◆ Assignment ◆
In the entries that follow, the line with "Lampe Torche LED" opens the range and the line with "money fund 113354176" closes it; repeat that range exactly, both lines included.

━━━ Records to process

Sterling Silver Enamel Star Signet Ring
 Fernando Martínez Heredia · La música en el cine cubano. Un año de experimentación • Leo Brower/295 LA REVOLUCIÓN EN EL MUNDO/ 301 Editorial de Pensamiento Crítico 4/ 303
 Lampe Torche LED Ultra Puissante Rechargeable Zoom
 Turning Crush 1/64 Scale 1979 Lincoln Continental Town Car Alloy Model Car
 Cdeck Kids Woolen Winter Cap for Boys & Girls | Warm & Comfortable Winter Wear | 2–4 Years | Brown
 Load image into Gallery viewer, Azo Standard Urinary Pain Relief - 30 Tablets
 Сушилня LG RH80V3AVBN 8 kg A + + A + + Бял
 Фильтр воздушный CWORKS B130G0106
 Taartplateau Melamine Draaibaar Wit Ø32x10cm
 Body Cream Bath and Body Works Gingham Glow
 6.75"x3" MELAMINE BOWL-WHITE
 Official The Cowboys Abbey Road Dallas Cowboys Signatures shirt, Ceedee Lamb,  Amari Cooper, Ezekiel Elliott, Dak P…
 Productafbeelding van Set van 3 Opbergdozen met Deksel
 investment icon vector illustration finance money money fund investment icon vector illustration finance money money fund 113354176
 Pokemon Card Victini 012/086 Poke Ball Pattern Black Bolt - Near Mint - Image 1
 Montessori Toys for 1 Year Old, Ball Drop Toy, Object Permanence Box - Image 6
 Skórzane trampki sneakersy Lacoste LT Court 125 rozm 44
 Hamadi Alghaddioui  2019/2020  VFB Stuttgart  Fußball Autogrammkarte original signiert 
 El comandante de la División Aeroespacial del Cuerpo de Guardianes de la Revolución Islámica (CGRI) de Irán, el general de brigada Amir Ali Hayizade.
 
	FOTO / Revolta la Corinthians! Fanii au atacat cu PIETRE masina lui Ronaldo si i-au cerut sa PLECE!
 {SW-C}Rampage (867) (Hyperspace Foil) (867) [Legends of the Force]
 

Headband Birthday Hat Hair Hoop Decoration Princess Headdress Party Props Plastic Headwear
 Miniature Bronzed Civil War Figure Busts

━━━━━━

◆ Task answer ◆
 Lampe Torche LED Ultra Puissante Rechargeable Zoom
 Turning Crush 1/64 Scale 1979 Lincoln Continental Town Car Alloy Model Car
 Cdeck Kids Woolen Winter Cap for Boys & Girls | Warm & Comfortable Winter Wear | 2–4 Years | Brown
 Load image into Gallery viewer, Azo Standard Urinary Pain Relief - 30 Tablets
 Сушилня LG RH80V3AVBN 8 kg A + + A + + Бял
 Фильтр воздушный CWORKS B130G0106
 Taartplateau Melamine Draaibaar Wit Ø32x10cm
 Body Cream Bath and Body Works Gingham Glow
 6.75"x3" MELAMINE BOWL-WHITE
 Official The Cowboys Abbey Road Dallas Cowboys Signatures shirt, Ceedee Lamb,  Amari Cooper, Ezekiel Elliott, Dak P…
 Productafbeelding van Set van 3 Opbergdozen met Deksel
 investment icon vector illustration finance money money fund investment icon vector illustration finance money money fund 113354176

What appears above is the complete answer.